You are definitely NBU. Of course it is nice that they want to be involved but especially in the early days you want to have some notice. And as everybody on here seems to say, what happens now will set the pattern for years to come, so you need to get it sorted out now.
Somebody on here once had the good idea when faced with a similar situation of always opening the door with coats in hand - so she could say she was just about to go out if she didn't want the unwanted visitor. But probably not so useful if you are wearing boxers and tshirts at the time {grin].
Can you get your DH to talk to them - or is it when he is not around or does he not see a problem with it?
Can you turn it on the head and go and visit them unanounced?

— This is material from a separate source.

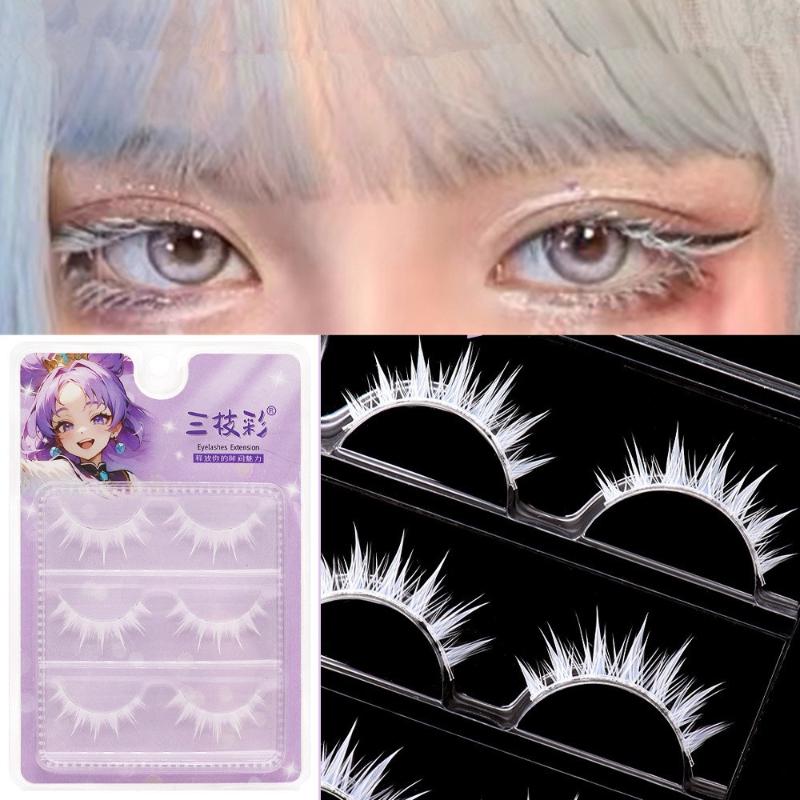3 Pairs Cosplay White Eyelashe - Eyelash Extension Natural Look 评论和价格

Do they expect to eat if they turn up at mealtimes? If so, you need to be direct and rather than rustling something up for them or stretching your food, say sorry, that if only they had called that you could have sorted something out but as it is you have nothing (other than a cup of tea and a biscuit if you are feeling kind maybe).

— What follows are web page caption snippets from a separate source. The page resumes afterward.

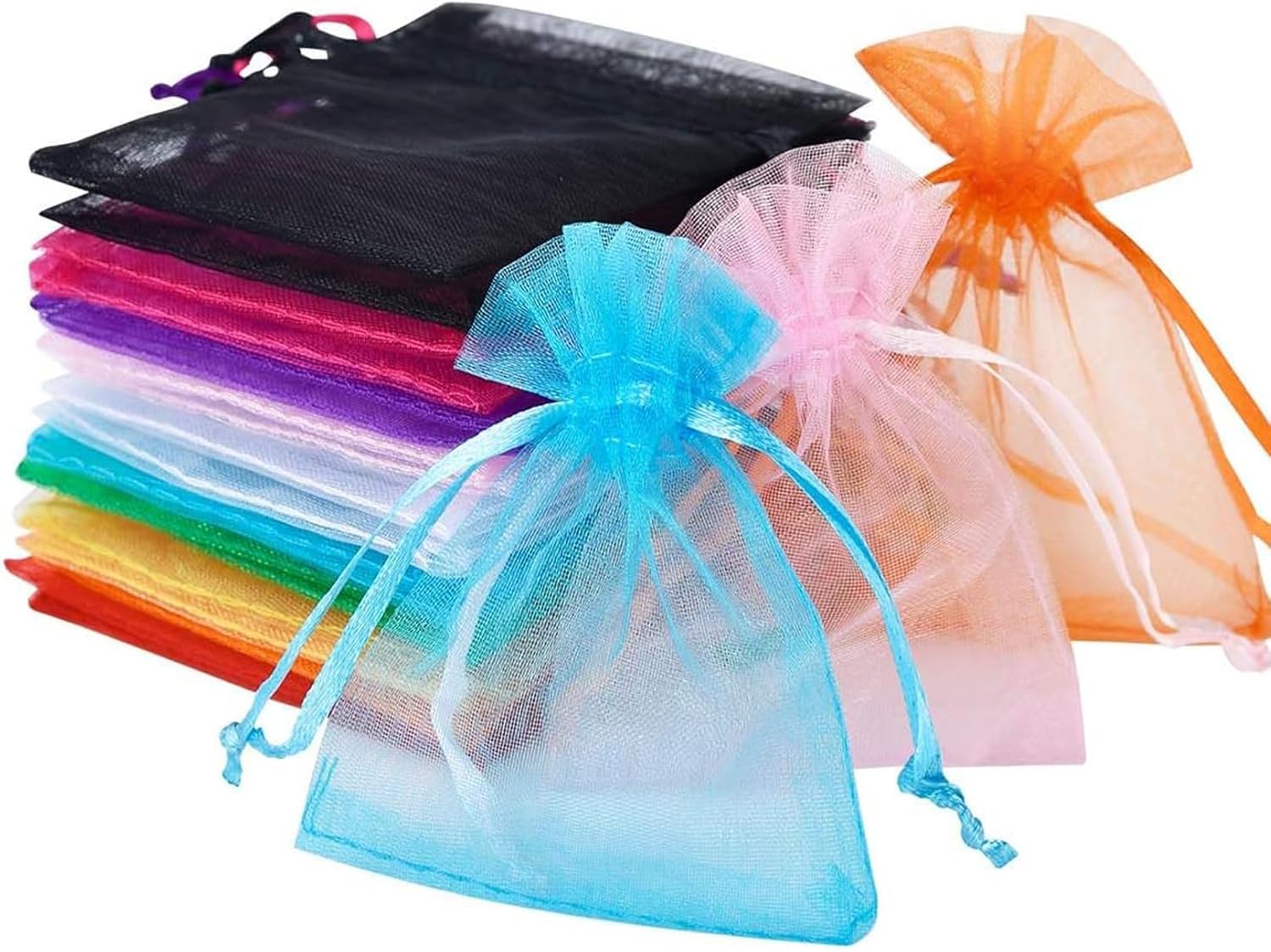 LTSVBO 100 Sets Colorful Organza Gift Pouches, Small Organza Favor Bags for Wedding Party Games, Jewelry, Favors, and Crafts, Assorted Colors, Perfect for Small Items and Events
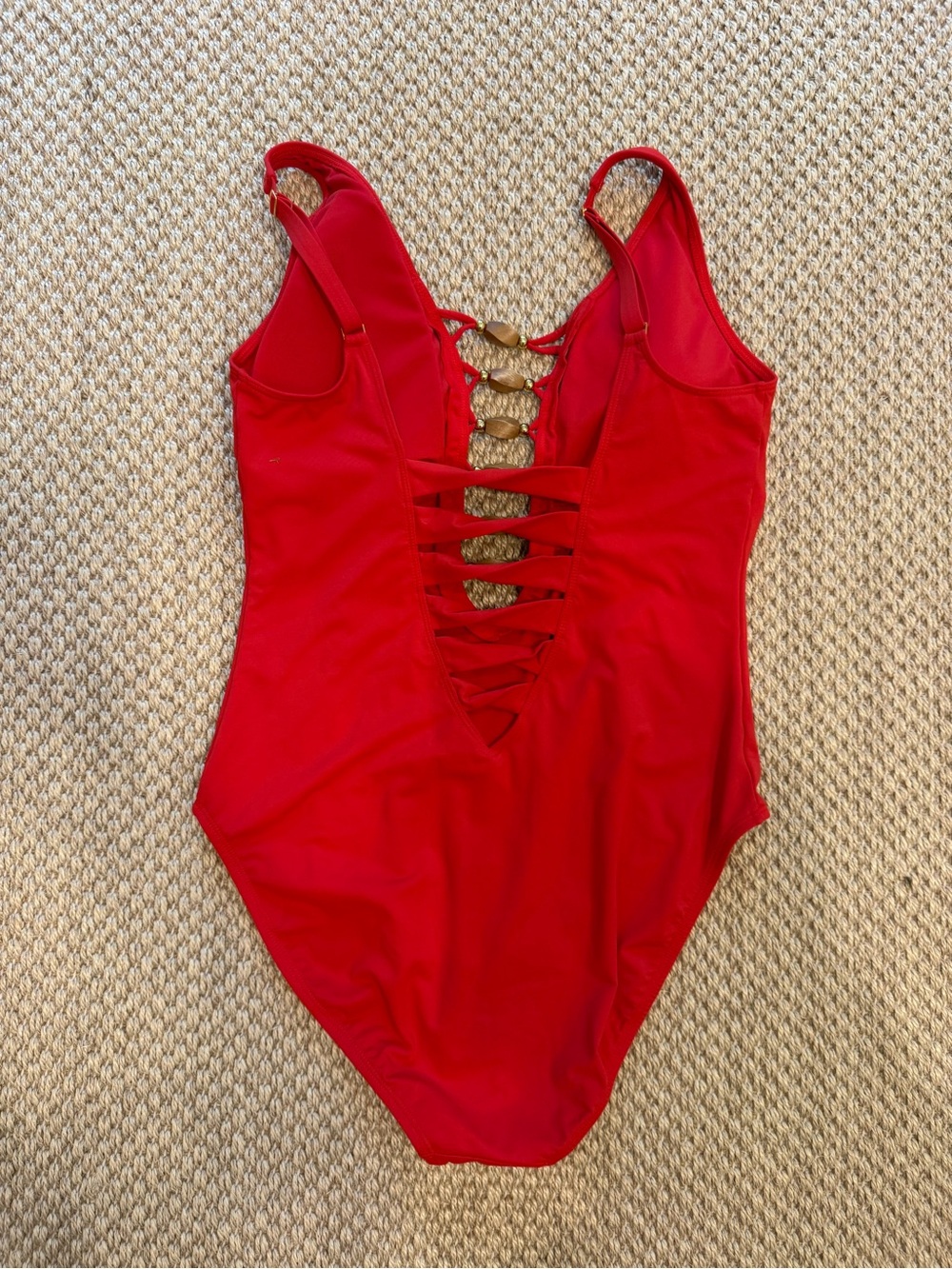 Bleu Rod Beattie KORE Lace Down One-piece Swimsuit Crimson - Picture 6 of 7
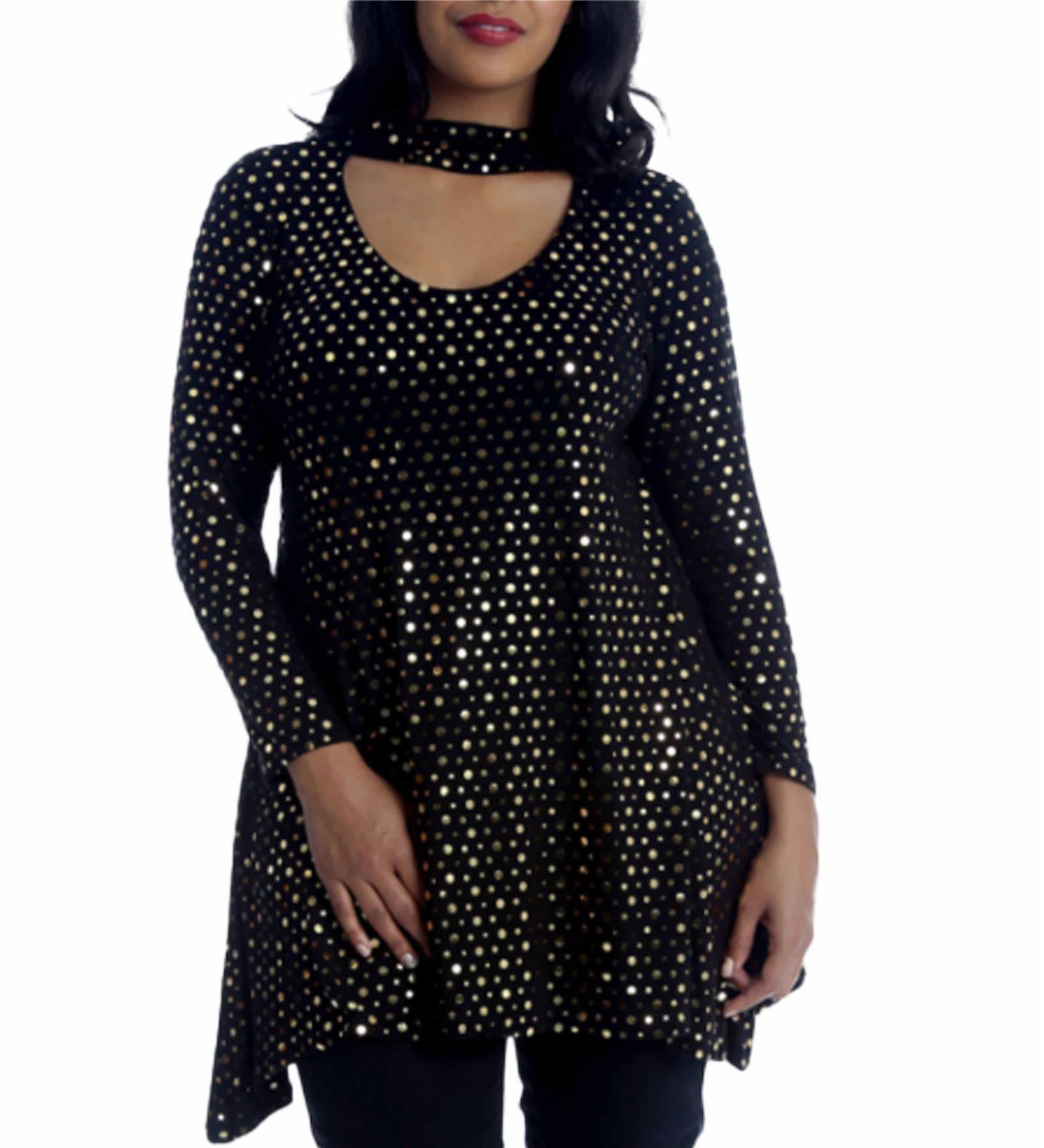 Damenkleider Langarmkleid Übergröße Cocktail Paillettenkleid Weihnachtskleid - Bild 4 von 8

And do you ever tell them that it is inconvenient? Or has your DH encouraged it in any way by saying something along the lines of 'do drop in to see the baby if you're around...' - something that is easy to say when you are all excited about the baby, when you know that you mean to ring up and sort it out first, and for it to be on an occasional basis. And they have interpreted it as an invitation to an open house and are actually the sort of people to use (and use!) that invitation...
You haven't said what time of day it is, but saying you have got plans that you have got to go out, or even just that you are just about to go upstairs to feed the baby/have a rest/anything that excludes them really! just so that you don't get tied into being a polite host and them coming back again and again.

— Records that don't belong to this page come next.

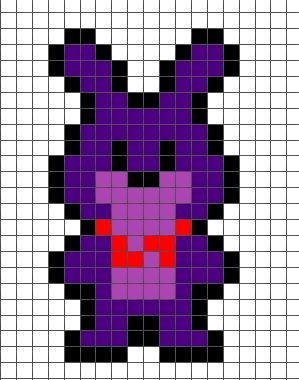 Bonnie Perler Beads, Fnaf Pixel Art Grid, Fnaf Perler Beads, Pixel Art Fnaf, Fnaf Pixel Art, Fnaf Crafts, Toy Bonnie, Pixel Art Tutorial, Easy Pixel Art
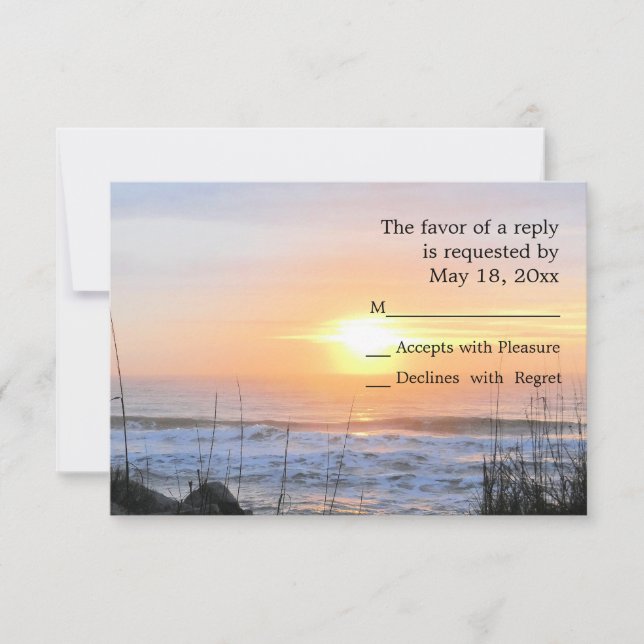 Tarjeta RSVP de Ocean Sunset (Anverso)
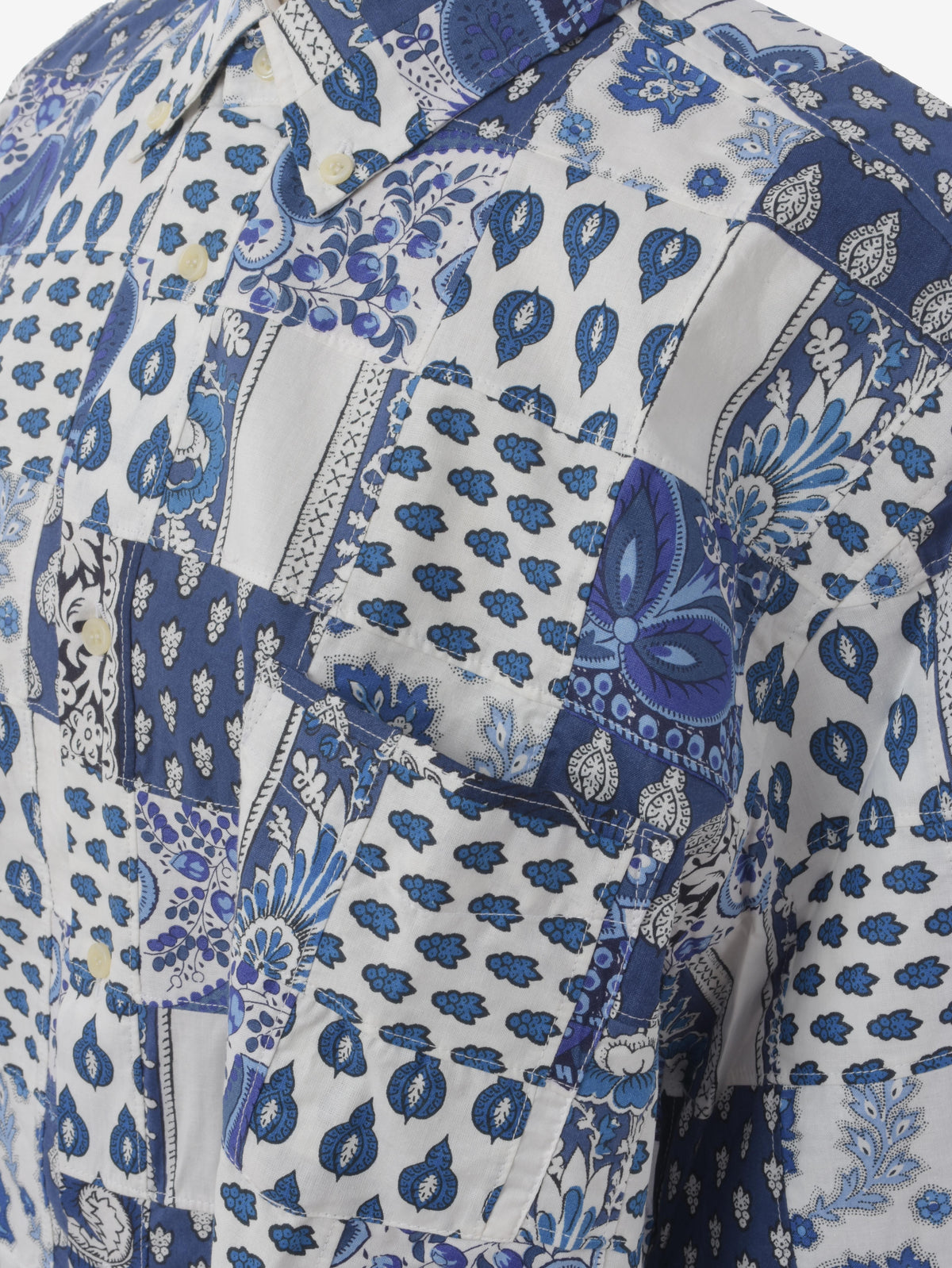 Souleiado Vintage Blue Patchwork Shirt WCV241010277  Souleiado 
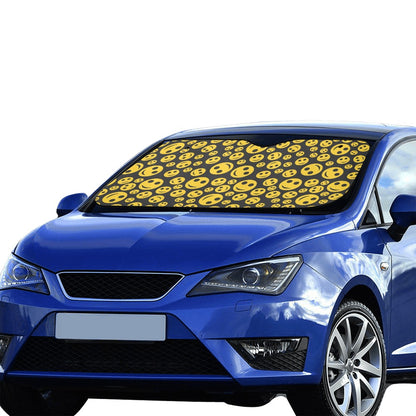 Smiley Face Emoji Print Design LKS304 Car front Windshield Sun Shade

You could also try taking the initiative and ringing them up to invite them at some point in the future, say that you're aware that you have got a really busy couple of weeks coming up 'what with one thing and another' (always best not to be too specific!) and invite them over (or even get them to invite you) - then they should realise that you are busy until then. Let them suggest a couple of dates that you can refuse so they can see how busy you are . And then slowly extend the periods between visits so that it matches what you want them to be.
If they turn up unannounced, you can then express surprise that they have turned up as you know you were seeing them soon and had they forgotten you were busy?
Sorry, lots of questions. And much too long a reply so will stop right now. but good luck with dealing with it!